I 16 lavoratori contro il trasferimento in Brianza. La Cgil coinvolge l’Agenzia regionale per il Lavoro

Cristian Brusamonti
|8 ore fa
I lavoriatori in sciopero alla San.Eco.Vit - © Libertà/Pietro Zangrandi© Facebook
I lavoriatori in sciopero alla San.Eco.Vit - © Libertà/Pietro Zangrandi© Facebook
1 MIN DI LETTURA
Due giorni di sciopero non sono bastati a far cambiare idea all’azienda. Così i 16 lavoratori della San.Eco.Vit di Larzano, a Rivergaro, sono tornati a incrociare le braccia con la Filcams Cgil, che ora ha deciso di coinvolgere l’Agenzia regionale per il Lavoro.
L’azienda intende chiudere lo stabilimento e trasferire i dipendenti a Bernareggio, in Brianza, soluzione che quasi nessuno è disposto ad accettare. Per la Cgil il trasferimento collettivo equivale di fatto a un licenziamento. «L’azienda si è detta disponibile a un incontro lunedì a Larzano, ma con estremo ritardo» spiega il segretario Filcams Marco Pascai. Il sindacato chiede inoltre di sospendere il trasferimento almeno fino al 31 dicembre.
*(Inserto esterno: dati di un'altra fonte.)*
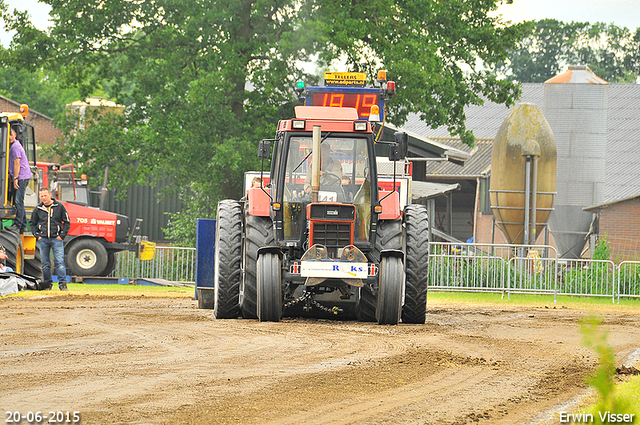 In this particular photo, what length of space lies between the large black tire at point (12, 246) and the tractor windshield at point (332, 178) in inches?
294

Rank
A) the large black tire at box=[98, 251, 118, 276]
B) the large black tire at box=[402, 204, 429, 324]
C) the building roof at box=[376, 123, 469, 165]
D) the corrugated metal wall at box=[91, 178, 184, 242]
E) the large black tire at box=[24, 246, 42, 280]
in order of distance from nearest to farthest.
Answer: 1. the large black tire at box=[402, 204, 429, 324]
2. the large black tire at box=[24, 246, 42, 280]
3. the large black tire at box=[98, 251, 118, 276]
4. the building roof at box=[376, 123, 469, 165]
5. the corrugated metal wall at box=[91, 178, 184, 242]

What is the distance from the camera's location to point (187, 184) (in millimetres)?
26266

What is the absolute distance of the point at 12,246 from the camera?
52.6 ft

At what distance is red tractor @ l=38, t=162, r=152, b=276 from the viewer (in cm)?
2209

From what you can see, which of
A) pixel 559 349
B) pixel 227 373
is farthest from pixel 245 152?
pixel 227 373

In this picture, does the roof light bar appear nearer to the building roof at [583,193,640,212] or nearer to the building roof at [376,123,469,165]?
the building roof at [376,123,469,165]

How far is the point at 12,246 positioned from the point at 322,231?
8.07m

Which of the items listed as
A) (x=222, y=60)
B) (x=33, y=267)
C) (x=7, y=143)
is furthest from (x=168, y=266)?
(x=7, y=143)

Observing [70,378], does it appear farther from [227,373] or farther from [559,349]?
[559,349]

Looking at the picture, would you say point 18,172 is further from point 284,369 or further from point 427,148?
point 427,148

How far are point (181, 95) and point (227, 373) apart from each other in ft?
61.6

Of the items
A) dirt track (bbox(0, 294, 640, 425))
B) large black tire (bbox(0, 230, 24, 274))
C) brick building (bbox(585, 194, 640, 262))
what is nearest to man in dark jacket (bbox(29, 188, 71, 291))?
large black tire (bbox(0, 230, 24, 274))

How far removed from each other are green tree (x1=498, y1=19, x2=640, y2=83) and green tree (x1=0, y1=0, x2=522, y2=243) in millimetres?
51282

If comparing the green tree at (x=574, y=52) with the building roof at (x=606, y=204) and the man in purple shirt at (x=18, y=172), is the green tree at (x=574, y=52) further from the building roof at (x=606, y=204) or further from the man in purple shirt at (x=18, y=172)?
the man in purple shirt at (x=18, y=172) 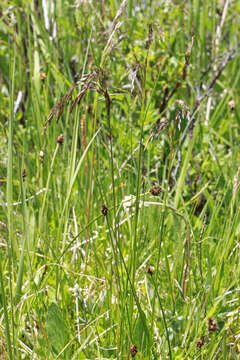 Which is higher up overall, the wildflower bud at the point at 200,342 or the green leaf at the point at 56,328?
the wildflower bud at the point at 200,342

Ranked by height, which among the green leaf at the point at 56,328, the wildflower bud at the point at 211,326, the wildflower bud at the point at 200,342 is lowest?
the green leaf at the point at 56,328

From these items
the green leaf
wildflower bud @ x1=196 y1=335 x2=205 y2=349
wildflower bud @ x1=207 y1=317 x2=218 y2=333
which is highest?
wildflower bud @ x1=207 y1=317 x2=218 y2=333

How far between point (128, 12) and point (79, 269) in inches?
51.3

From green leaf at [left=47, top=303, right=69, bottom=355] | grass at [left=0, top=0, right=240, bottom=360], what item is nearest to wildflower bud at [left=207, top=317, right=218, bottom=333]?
grass at [left=0, top=0, right=240, bottom=360]

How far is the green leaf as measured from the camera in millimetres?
1217

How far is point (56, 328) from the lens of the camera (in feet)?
4.02

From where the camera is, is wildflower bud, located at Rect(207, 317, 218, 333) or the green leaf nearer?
wildflower bud, located at Rect(207, 317, 218, 333)

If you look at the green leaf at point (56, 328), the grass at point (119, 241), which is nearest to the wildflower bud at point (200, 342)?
the grass at point (119, 241)

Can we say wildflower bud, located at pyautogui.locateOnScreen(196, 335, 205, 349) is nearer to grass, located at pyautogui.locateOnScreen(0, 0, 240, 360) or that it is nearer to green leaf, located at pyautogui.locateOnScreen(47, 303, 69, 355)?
grass, located at pyautogui.locateOnScreen(0, 0, 240, 360)

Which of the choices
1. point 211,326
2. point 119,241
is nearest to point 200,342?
point 211,326

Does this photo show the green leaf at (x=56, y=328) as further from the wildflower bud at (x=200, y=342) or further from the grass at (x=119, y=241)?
the wildflower bud at (x=200, y=342)

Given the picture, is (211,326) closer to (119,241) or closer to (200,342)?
(200,342)

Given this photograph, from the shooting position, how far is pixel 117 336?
45.9 inches

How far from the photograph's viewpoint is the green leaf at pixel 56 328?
122cm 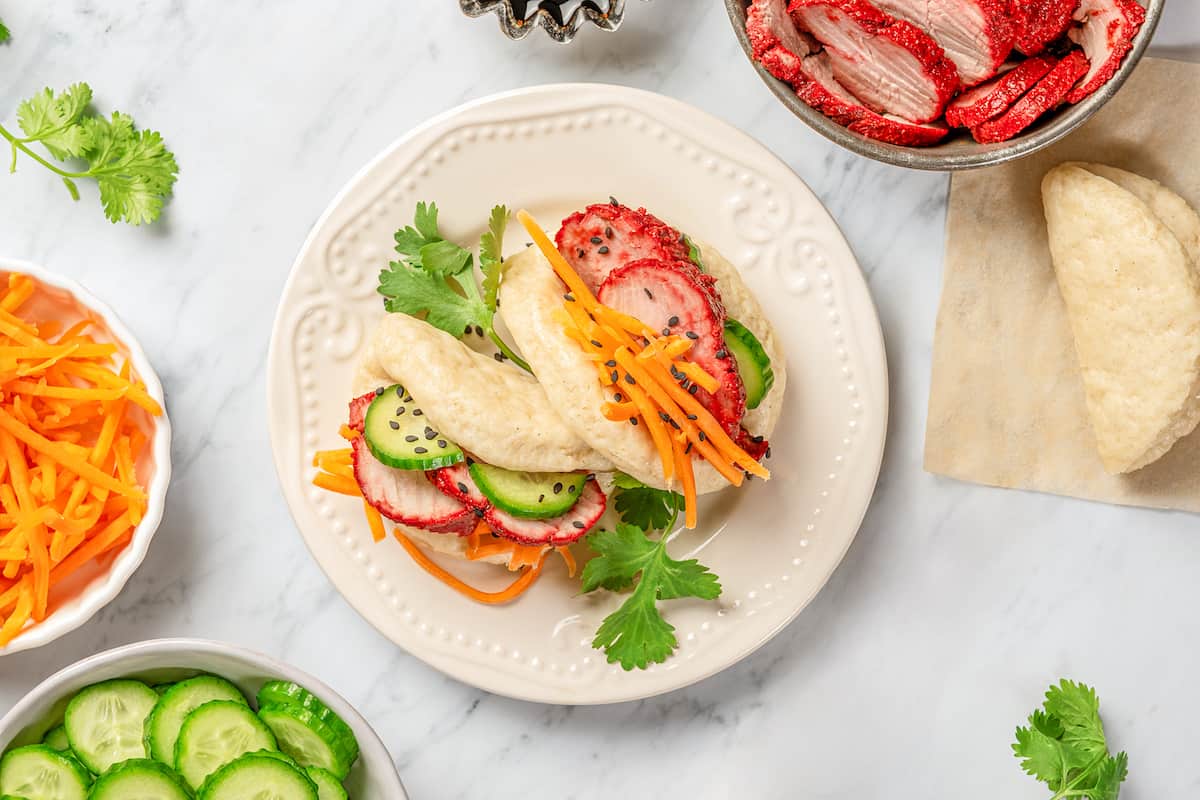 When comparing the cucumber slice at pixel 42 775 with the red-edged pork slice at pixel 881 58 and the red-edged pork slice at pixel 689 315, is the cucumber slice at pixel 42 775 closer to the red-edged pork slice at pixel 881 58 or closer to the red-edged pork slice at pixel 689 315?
the red-edged pork slice at pixel 689 315

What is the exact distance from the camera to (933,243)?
132 inches

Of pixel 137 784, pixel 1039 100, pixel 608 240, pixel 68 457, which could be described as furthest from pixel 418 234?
pixel 1039 100

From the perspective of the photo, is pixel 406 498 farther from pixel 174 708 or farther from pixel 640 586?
pixel 174 708

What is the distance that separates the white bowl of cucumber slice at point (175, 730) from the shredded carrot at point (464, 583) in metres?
0.48

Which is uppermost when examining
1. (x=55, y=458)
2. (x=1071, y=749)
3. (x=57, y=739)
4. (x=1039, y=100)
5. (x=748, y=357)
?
(x=1039, y=100)

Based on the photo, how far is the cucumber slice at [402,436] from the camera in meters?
2.86

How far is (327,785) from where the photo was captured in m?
2.77

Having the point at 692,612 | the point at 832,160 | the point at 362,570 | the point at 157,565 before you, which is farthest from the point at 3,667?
the point at 832,160

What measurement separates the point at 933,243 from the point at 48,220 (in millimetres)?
2763

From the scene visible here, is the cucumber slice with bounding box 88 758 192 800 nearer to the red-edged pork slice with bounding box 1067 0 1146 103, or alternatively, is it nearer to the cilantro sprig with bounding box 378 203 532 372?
the cilantro sprig with bounding box 378 203 532 372

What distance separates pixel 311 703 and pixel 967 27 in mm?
2473

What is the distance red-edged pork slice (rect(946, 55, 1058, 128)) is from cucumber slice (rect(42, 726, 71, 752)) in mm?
2912

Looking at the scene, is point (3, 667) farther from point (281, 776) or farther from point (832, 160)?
point (832, 160)

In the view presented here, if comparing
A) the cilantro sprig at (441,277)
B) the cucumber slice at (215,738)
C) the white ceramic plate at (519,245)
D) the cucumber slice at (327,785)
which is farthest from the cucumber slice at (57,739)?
the cilantro sprig at (441,277) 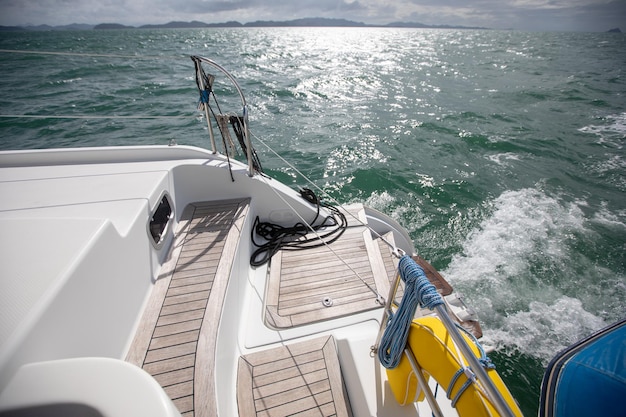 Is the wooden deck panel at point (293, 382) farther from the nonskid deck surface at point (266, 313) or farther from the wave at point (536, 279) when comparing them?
the wave at point (536, 279)

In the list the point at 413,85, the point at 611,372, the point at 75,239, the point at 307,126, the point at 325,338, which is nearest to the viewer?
the point at 611,372

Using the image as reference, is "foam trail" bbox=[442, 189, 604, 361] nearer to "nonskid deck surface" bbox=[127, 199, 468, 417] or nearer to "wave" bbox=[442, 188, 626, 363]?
"wave" bbox=[442, 188, 626, 363]

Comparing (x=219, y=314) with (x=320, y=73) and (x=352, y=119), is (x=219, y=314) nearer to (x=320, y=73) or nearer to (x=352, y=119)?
(x=352, y=119)

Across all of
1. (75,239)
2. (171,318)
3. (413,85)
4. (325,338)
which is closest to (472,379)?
(325,338)

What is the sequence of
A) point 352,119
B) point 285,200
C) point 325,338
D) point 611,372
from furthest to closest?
point 352,119 → point 285,200 → point 325,338 → point 611,372

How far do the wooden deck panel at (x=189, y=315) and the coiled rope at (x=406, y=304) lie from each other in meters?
1.05

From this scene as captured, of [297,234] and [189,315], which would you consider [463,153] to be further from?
[189,315]

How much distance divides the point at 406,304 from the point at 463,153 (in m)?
8.26

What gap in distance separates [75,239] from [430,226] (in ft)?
Result: 17.7

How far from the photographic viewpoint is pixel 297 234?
3.50 m

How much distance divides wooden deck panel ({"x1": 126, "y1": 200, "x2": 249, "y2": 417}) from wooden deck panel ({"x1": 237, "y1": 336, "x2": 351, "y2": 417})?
0.46 meters

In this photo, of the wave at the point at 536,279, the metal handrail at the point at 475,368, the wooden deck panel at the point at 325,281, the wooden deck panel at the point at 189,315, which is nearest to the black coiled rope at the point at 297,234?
the wooden deck panel at the point at 325,281

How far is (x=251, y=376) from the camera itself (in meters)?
2.05

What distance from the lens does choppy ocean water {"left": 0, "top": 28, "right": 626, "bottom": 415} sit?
4.07 metres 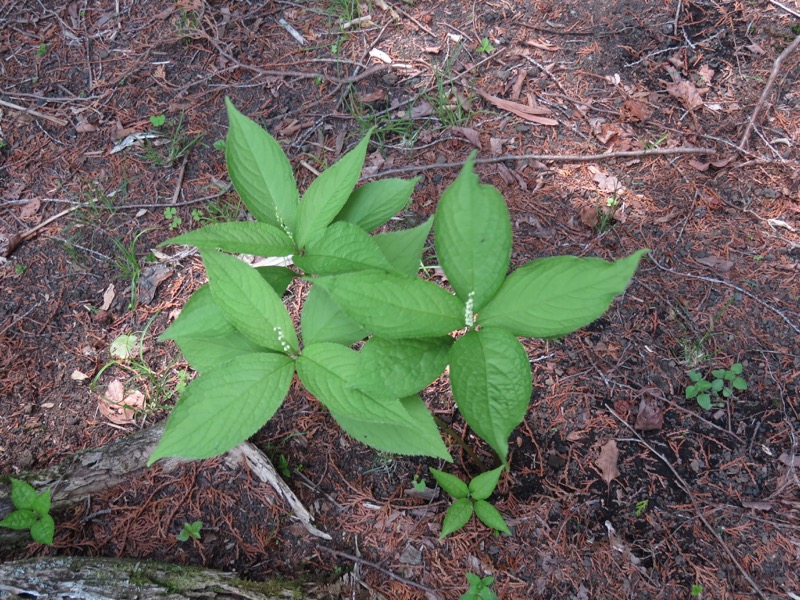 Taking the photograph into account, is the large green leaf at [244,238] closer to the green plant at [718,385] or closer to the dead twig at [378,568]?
the dead twig at [378,568]

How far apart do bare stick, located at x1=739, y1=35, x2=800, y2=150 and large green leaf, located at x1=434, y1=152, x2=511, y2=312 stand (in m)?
2.54

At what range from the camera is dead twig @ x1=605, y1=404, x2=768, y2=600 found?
6.66ft

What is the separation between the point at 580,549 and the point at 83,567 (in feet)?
6.24

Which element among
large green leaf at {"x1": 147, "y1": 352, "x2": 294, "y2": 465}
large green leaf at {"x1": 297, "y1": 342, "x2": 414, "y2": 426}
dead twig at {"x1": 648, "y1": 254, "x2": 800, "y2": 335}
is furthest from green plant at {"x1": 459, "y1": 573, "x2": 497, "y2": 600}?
dead twig at {"x1": 648, "y1": 254, "x2": 800, "y2": 335}

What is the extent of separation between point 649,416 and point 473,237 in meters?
1.60

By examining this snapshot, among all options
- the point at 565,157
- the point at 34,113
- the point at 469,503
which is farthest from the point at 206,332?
the point at 34,113

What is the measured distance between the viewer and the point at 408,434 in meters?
1.51

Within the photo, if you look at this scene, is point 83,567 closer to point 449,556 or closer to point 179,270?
point 449,556

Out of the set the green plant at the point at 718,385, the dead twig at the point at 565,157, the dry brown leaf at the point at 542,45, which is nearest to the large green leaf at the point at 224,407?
the green plant at the point at 718,385

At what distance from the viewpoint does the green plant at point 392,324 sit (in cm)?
124

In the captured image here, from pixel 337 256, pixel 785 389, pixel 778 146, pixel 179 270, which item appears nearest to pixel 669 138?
pixel 778 146

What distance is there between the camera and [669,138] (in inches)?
125

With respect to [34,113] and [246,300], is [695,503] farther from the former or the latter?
[34,113]

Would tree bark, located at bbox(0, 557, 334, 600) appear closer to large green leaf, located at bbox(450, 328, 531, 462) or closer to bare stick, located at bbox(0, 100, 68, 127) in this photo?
large green leaf, located at bbox(450, 328, 531, 462) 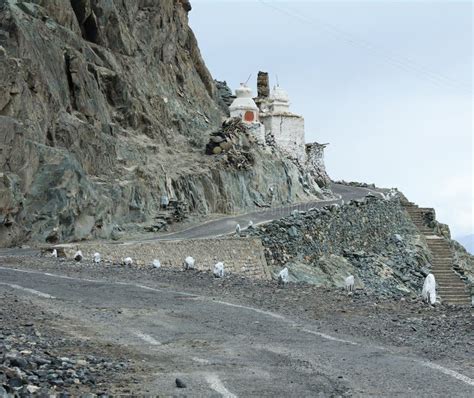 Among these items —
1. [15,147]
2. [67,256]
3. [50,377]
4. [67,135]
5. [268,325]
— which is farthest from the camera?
[67,135]

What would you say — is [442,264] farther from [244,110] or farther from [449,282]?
[244,110]

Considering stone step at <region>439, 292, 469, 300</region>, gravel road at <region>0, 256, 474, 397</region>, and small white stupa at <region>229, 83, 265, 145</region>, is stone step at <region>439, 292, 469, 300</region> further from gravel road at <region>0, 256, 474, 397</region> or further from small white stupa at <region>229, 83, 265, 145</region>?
small white stupa at <region>229, 83, 265, 145</region>

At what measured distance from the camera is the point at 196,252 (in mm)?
30156

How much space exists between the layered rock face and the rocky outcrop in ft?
22.4

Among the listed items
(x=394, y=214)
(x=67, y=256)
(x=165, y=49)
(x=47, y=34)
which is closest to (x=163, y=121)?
(x=165, y=49)

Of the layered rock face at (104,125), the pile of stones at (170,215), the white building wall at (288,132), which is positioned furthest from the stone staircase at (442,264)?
the pile of stones at (170,215)

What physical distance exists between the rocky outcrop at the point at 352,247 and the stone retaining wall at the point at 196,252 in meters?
1.29

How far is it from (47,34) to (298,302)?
27.8m

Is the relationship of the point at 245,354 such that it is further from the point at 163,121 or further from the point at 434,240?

I lavoratori contestano soprattutto le ragioni della scelta: «Questa azienda era un gioiellino, con una produzione di qualità e un mercato in crescita». Alcuni hanno trent’anni di anzianità. «Perché chiudere proprio un settore produttivo? Paghiamo una scelta aziendale, non un calo di fatturato». Impraticabile, spiegano, anche il trasferimento: quasi cento chilometri e tre ore di viaggio al giorno.